Bu ay 5 gece 6 gün süren bir Karadeniz turundaydım. Geçen sene de Sinop'a kadar olan bir tura katılmıştım aslında ama bloga yazacak vakit bulamadım. Şimdi kısa kısa fotoğraflarla desteklediğim bir karadeniz günlüğü yazmayı düşündüm. Haydi başlıyoruz.
1. Gün
Zongul'dan gece 12'de yola çıkan çoğunluğu teyzelerden oluşan kalabalık sabah 9 gibi tek şöförle(!) Samsun'a vardı. Samsun'da dönüşte kalacağımız Samsun
airport resort otel'de kahvaltı yaptık. Açık büfe zengin bir kahvaltıydı. Sonra ordan çıktık ve bandırma vapurunu ziyarete gittik. Giriş öğrenci 1, tam 2 lira. Vapurun içinde komutanların insana hiç benzemeyen maketleri var.
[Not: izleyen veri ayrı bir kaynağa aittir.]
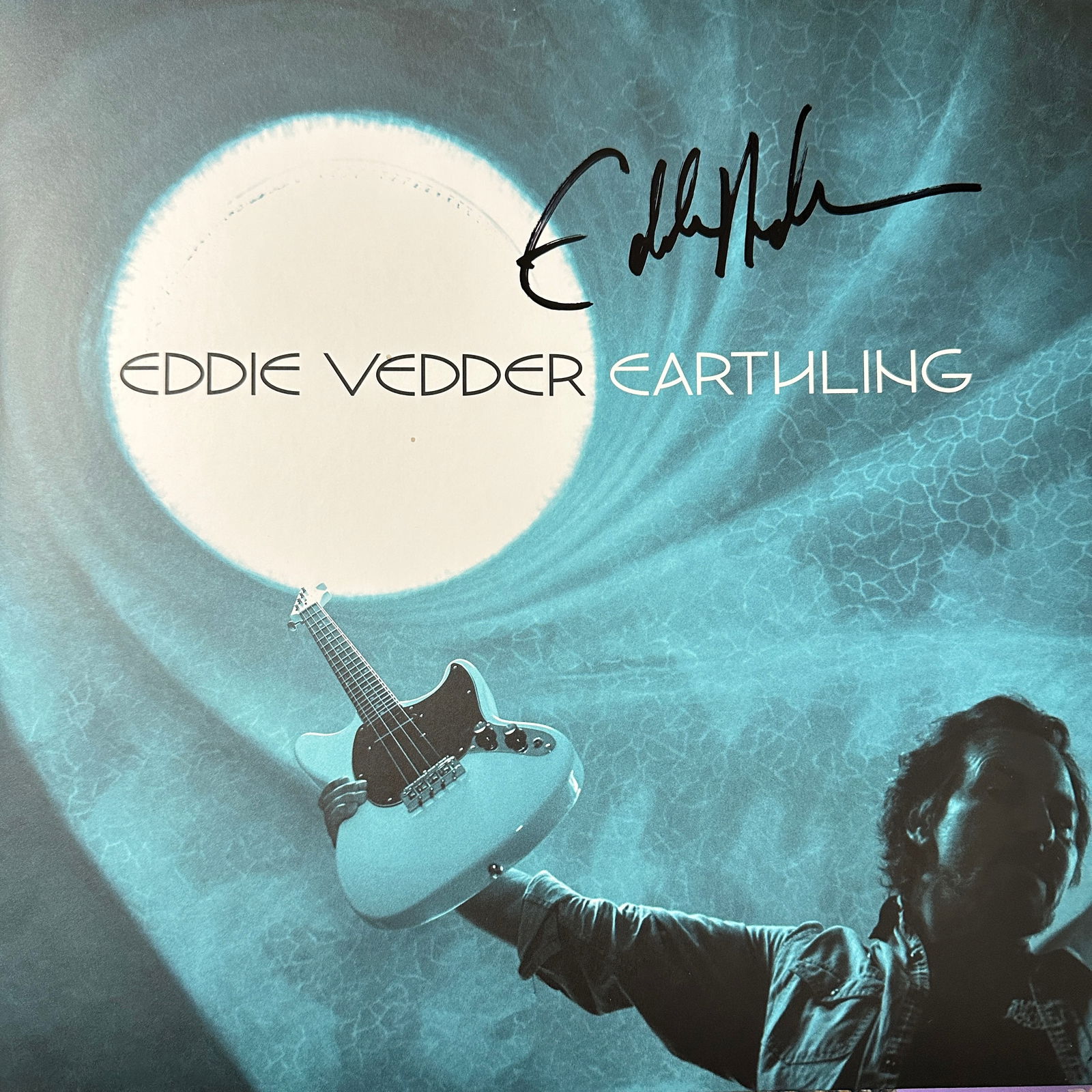 Eddie Vedder Autographed Album (1 of 1)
Bir kısmında da atatürk'ün herkesçe bilinen fotoğraflarından oluşan bir sergi yapmışlar ortaya da bir kaç parça özel eşyasını serpiştirmişler.
| |
gerçek değil, rekonstrüksiyon |
|
Samsun bizi aşırı bir yağmurla karşıladı. Dönüşte de samsun'dan geçeceğimiz için bu ziyareti yarıda bıraktık ve Ordu'ya doğru yola çıktık. İlk durak Ünye Çakırtepe.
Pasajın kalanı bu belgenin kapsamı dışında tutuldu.